Overview
Völkl didn’t actually invent the concept of quality control, but denizens of our little corner of the universe can be forgiven for thinking so. It set the standard for base finish for so long, if someone gave a trophy for the best QC they’d have to name it the Völkl Prize. Yet this noteworthy achievement probably plays only a minor role in why skiers who buy Völkls never buy just one pair; instead, they become Völkl junkies. Not that they become dissolute, as it takes an athlete to happily co-exist with the Völkls of yore, but they do become dependent. Mama, don’t take my Mantras (or Kenjas) away!
During Völkl’s ascension to market preeminence, it earned a reputation for powerful, technical skis with a small sweet spot and an unslakable thirst for speed. Völkl came to regard its experts-only-need-apply reputation as a stigma that limited its sales potential, so it set in motion a long-term plan to change how the brand was perceived by changing, sometimes radically, how it made skis.
The trick in this transformation was how to wean their public off its ultra-traditional, thick, fully cambered skis without losing its established base among the sport’s elite. It began by tampering with the Gotama, an off-trail ski that served as a logical place to excise an Old School, arched camber line and substitute a fully rockered baseline.
Once the new Gotama with the flat baseline was accepted, Völkl applied the same technique with its Frontside carvers, with the same result: the RTM 84 won instant adherents. With each passing season another venerable model passed through the modernization machinery.
The process continued in 2014, as the Kendo and Kenja were brought into the New Age fold with double rockered baselines with just a remnant of camber underfoot, and the revered Mantra and Aura were transformed into off-trail models with a camber-less, fully rockered baseline, all the better to smear with. The power that was once the exclusive province of highly skilled athletes became accessible to the nearly skilled, as well.
When Völkl unveiled the V-Werks Katana several seasons ago, it would have been supernaturally prescient to foretell that by 2017 it would be the inspiration for nearly all important models from 81 to 108mm underfoot. The V-Werks Katana was an experiment to see what would happen if a ski was made of a lot of highly compressed carbon and little else. It skied like the world’s fattest carving ski, not exactly a niche everyone was stampeding to occupy.
But the V-Werks Katana was onto something. It was possible to pare away a lot of material from a conventional ski construction and, if the remaining structure were strong enough, it would still perform at a high level. Völkl called this new shape 3D.Ridge, named for the raised central platform that’s forms the thickest part of the ski.

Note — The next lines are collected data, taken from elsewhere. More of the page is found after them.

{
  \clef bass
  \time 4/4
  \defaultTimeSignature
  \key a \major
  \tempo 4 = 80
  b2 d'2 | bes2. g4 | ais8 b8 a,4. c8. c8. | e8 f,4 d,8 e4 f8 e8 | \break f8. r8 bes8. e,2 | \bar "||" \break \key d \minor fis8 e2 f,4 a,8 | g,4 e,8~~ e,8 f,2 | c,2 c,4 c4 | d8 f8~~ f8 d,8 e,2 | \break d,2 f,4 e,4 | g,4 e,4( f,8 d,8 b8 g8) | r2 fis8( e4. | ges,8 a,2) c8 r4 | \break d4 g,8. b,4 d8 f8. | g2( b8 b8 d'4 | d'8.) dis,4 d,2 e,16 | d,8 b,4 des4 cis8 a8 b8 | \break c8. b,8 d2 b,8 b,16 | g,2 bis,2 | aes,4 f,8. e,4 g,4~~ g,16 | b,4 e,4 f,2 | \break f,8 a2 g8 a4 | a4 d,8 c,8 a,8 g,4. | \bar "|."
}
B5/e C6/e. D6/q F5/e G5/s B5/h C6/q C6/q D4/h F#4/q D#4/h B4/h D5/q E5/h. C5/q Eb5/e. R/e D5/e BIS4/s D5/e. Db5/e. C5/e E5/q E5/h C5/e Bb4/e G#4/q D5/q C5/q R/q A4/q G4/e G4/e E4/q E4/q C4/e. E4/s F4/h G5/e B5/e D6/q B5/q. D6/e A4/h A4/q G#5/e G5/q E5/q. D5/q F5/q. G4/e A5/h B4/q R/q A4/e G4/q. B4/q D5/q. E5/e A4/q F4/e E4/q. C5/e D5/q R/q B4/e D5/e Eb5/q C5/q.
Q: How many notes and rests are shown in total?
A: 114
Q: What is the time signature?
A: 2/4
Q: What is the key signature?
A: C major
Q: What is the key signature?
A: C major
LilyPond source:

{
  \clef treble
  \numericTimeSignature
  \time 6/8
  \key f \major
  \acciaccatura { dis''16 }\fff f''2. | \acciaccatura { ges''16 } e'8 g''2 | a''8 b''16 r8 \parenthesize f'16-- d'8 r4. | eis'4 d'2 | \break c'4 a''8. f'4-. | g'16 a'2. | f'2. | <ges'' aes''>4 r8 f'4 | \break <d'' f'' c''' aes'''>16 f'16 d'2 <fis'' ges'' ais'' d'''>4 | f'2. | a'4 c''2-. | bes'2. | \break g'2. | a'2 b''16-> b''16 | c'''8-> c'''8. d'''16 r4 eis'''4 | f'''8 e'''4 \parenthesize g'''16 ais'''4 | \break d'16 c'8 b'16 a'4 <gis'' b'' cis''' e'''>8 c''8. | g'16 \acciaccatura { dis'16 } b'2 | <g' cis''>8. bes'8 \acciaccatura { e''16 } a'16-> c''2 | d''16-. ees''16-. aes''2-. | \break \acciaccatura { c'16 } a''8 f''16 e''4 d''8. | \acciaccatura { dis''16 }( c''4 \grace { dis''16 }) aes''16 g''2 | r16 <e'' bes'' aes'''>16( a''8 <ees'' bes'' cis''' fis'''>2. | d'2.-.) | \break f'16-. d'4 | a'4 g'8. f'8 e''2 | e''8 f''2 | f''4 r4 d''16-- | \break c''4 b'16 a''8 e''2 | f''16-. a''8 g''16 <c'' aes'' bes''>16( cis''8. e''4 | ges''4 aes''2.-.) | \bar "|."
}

By 2016, 3D.Ridge design permeated the Völkl line, spreading the Lighter is Better gospel to all skiers. There was only one fly in this low-fat ointment: none of the Katana’s kinder skied with the authority of the original, all-carbon 3D.Ridge, which then as now costs a fortune to make and therefore isn’t marketable to the masses. In 2018 Völkl revealed the perfect patch for the power shortage, a bottom layer of glass configured to increase the torsional rigidity, called 3D. Glass. Ingenious in its simplicity, stunning in its impact on performance, 3D.Glass was the best across-the-board product upgrade of 2018.
It’s difficult to overstate the benefits of 3D.Glass, the craftily configured sheet of fiberglass that elevates the edge grip of every model it touches. The secret to 3D.Glass’s effectiveness is that it doesn’t just lay on the bottom of the stack of laminated components, but runs up the sidewall and tucks over its top, essentially forming an anchored, open box with the other elements as filling.
3D.Glass makes a ski livelier because glass is the springiest material in the ski. It makes a ski more resistant to twist because it has its own sidewalls. It helps maintain edge contact on hard snow and bats away clumps of broken snow off trail. It can’t put your boots on for you, but it does just about everything else.